A modification to the four corners of this block gives you the Star of Bethlehem from 1938 also called Jewels in a Frame and the Star of the Magi (ref. Jinny Beyer book above) and the Patterns from History website states there are 14 different star designs that use the Star of Bethlehem name including this one!

Whatever version you choose or whatever name you choose to call them these 8 pointed star blocks are hard to resist. Moda has chosen a simplified version that can be made from Layer cakes (72”) Charms (32”) or mini-Charms (12”) and have given the pattern away for free here. There is a blog hop going on at the moment to showcase new Moda fabrics for Autumn/Winter here if you want to see some lovely versions of this block. I really like this one at Fresh Figs. The layer cake version seems like a great and quick way to piece a quilt top!

If you have any Swoon blocks or quilts to share we’d love to see them on IG (#modernirishquilters) or on our Flickr or Facebook pages.


Monday, 8 September 2014

July - August Show and Tell

Wow, where did the summer go?  Hope all had lovely holidays and for those of us who haven't had ours yet here's to ekeing out that last bit of Summer feeling before Autumn hits us full on.  It may have been quiet around here but some people were busy this summer.  Here's a roundup of the gorgeous projects shared on our Flickr and Facebook pages.

If you guys are on Instagram please tag with #modernirishquilters if you would like to share - we'd love to see what everyone is up to!

Don't forget Sew North Quilters Gathering & Workshops are on this month from the 11th to the 21st September.


Monday, 1 September 2014

Modern Irish {Scrappy} Bee: September Block

So, no sleeps now until it is my turn to be queen bee in the Irish Modern Quilt Guild Stash Bee.
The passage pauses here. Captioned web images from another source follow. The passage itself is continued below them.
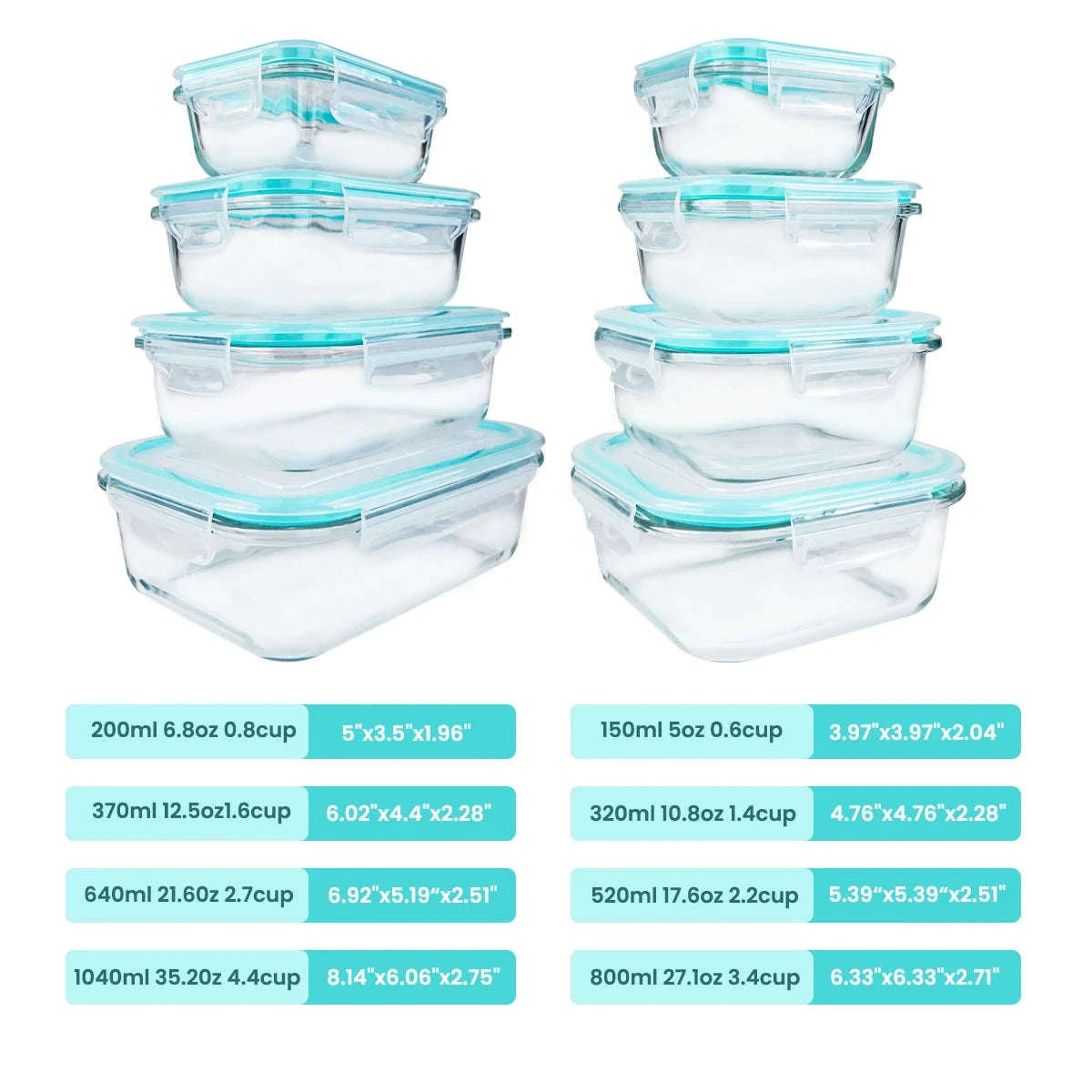 8-Piece Glass Food Storage Containers Set Leakproof Airtight Stackable-Green / United States
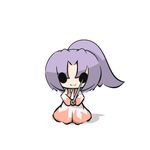  bad_id bad_pixiv_id black_eyes chibi katana long_hair lowres meira ponytail purple_hair saku_(osake_love) smile solid_oval_eyes sword touhou touhou_(pc-98) weapon 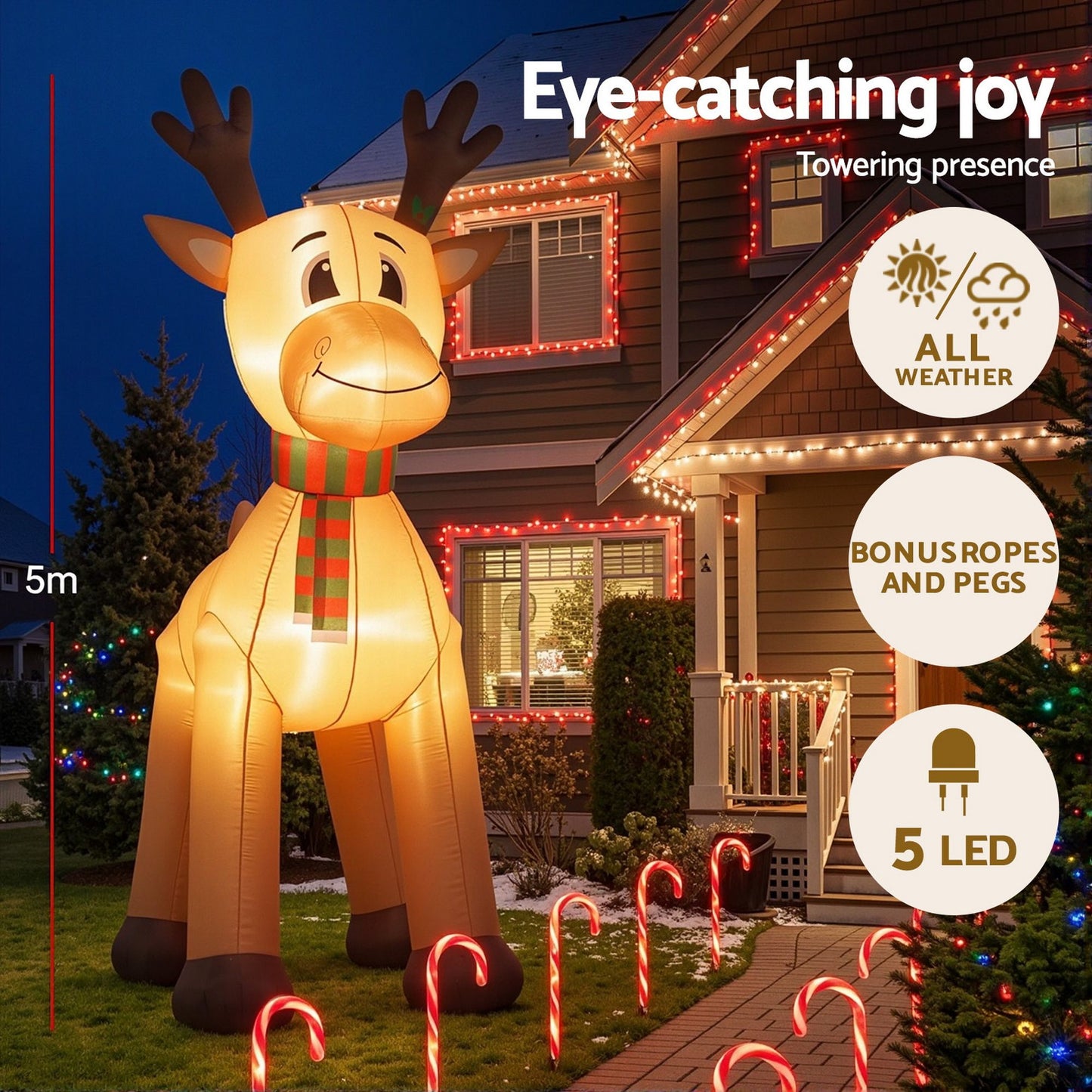 Jingle Jollys Christmas Inflatable Reindeer 5M Illuminated Decorations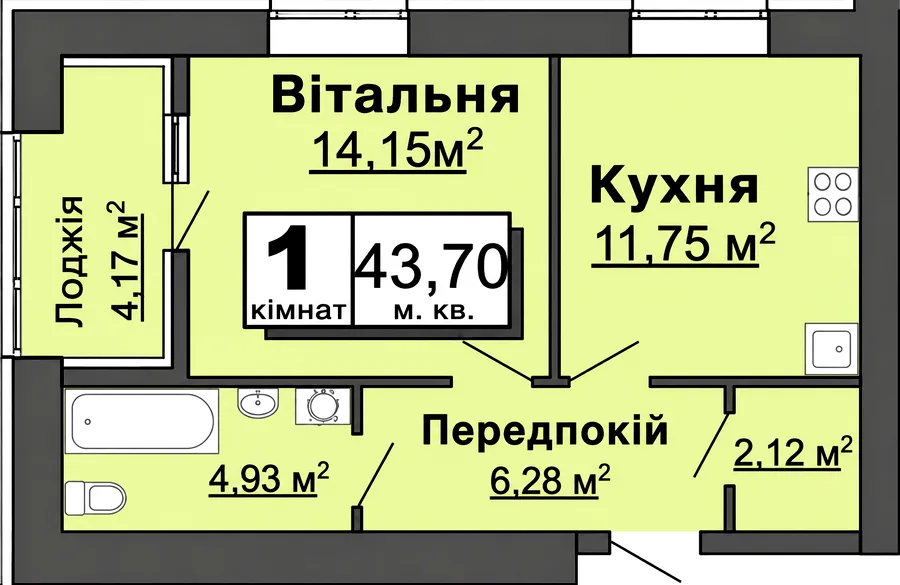 1-кімнатна квартира, 44 м², Ковель — фото 1
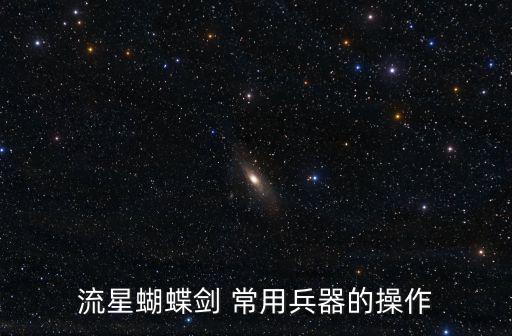 流星蝴蝶剑 常用兵器的操作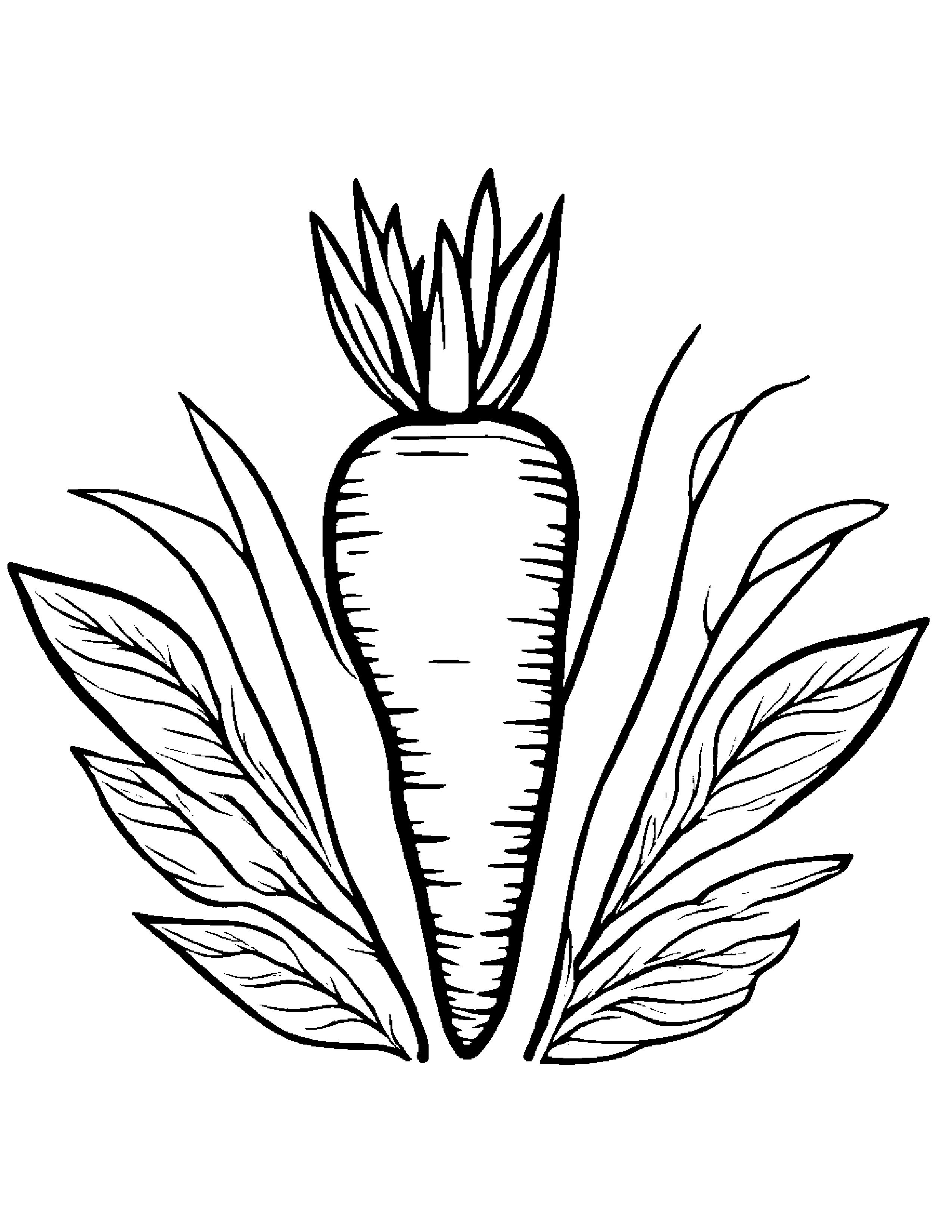 Carrot With A Leaf Sprig #3 Coloring Page (Free Printable PDF)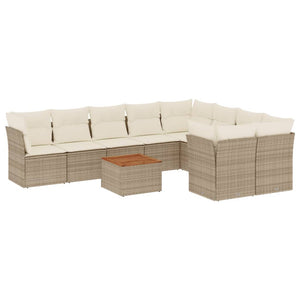 Set Divano da Giardino 10 pz con Cuscini Beige in Polyrattan 3223818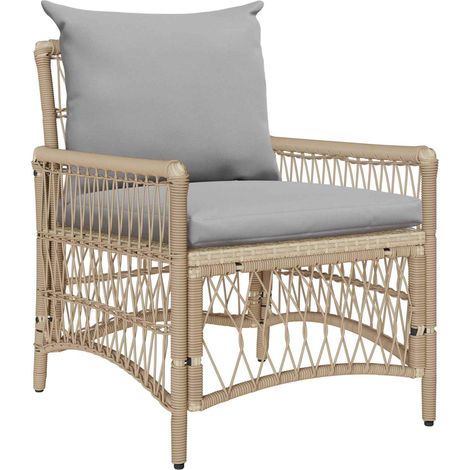 Maison Exclusive - Gartenstuhl mit Kissen Beige 73 x 61 x 77 cm P
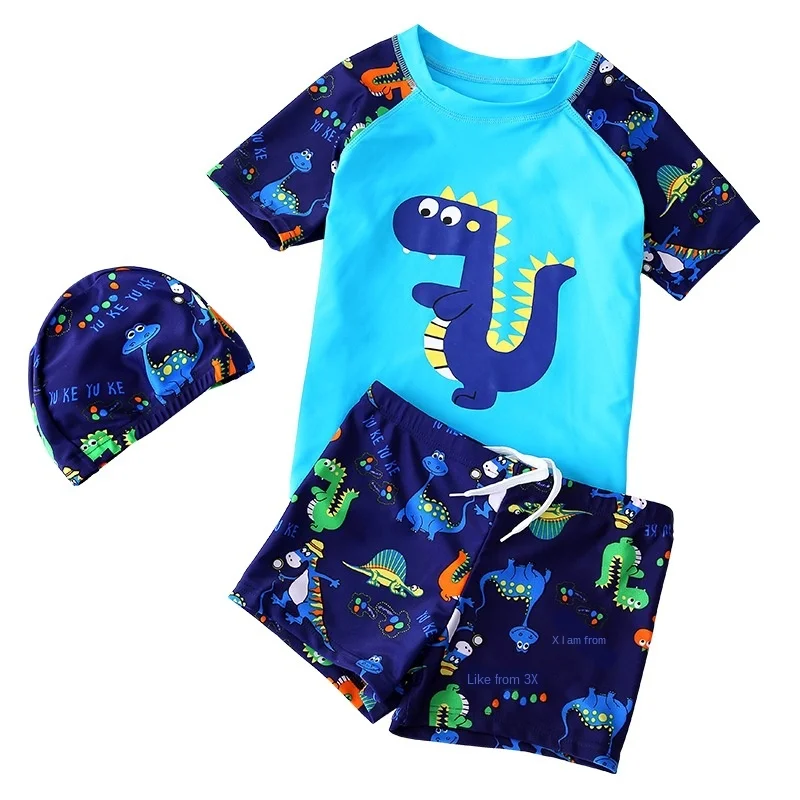 

Children's Swimsuit Middle And Large Kid's Split Baby Boy Cartoon Dinosaur Swimwear Sunscreen Surfing Beach-wear Bathing Clothes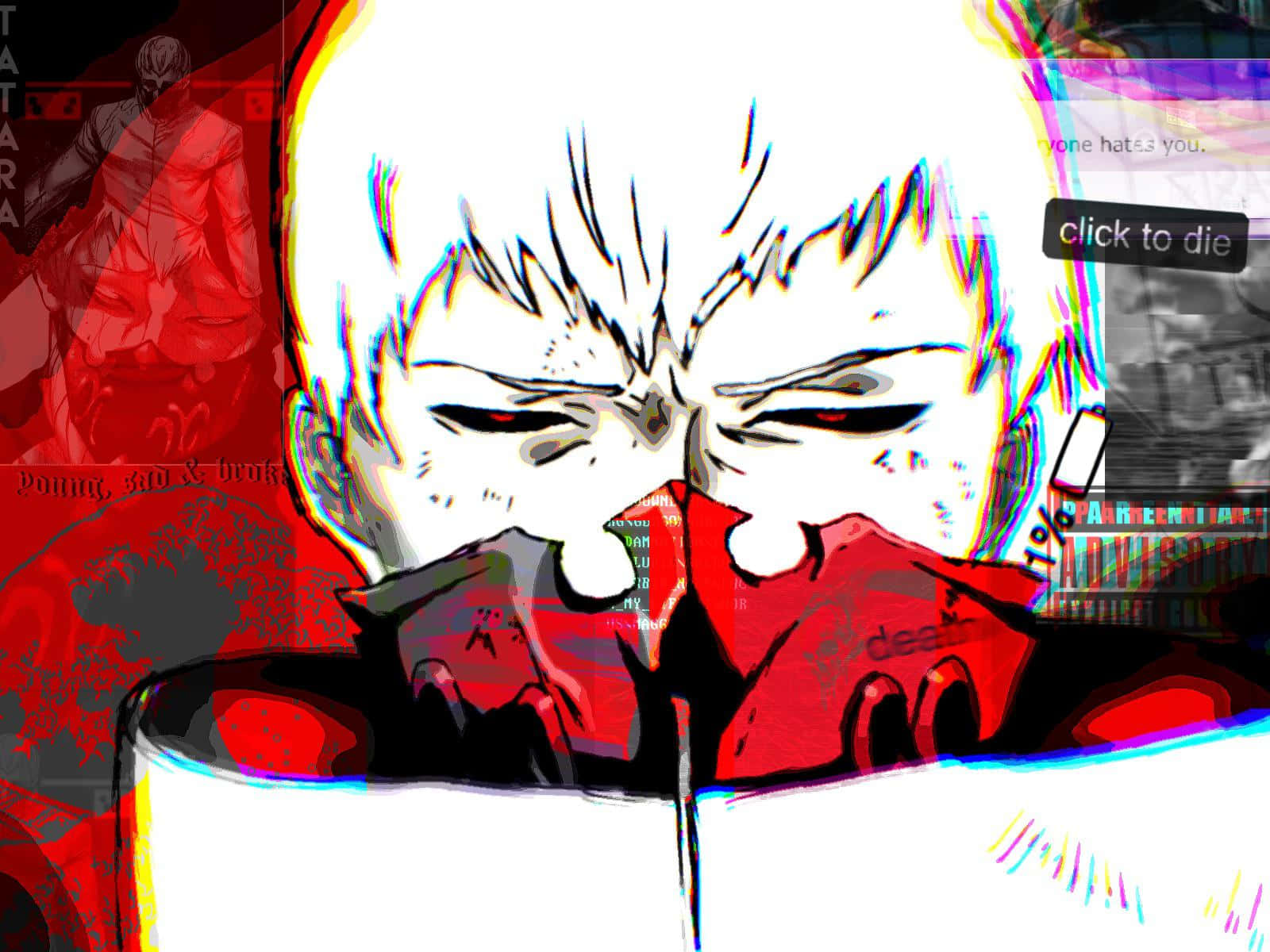 Glitched Anime Personage Kunst Achtergrond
Big excitement, this is my first time in a bee and to be a bee mama. First though I will tell you a little about myself. I have always sewn and knitted, dolls clothes when I was little, my mum and I used to make things together. Then I progressed to making clothes and altering clothes, that's when I was young and slim. When the children were small and knitting went out of vogue, I took up quilting. That was great for ten or so years, but I felt stultified by the quilting rules and it seemed too fussy as my home became more contemporary. In the meantime I discovered my love of genealogy, gardening, scrap booking  and drinking wine. In between times I read books, lots of books, and baked occasionally.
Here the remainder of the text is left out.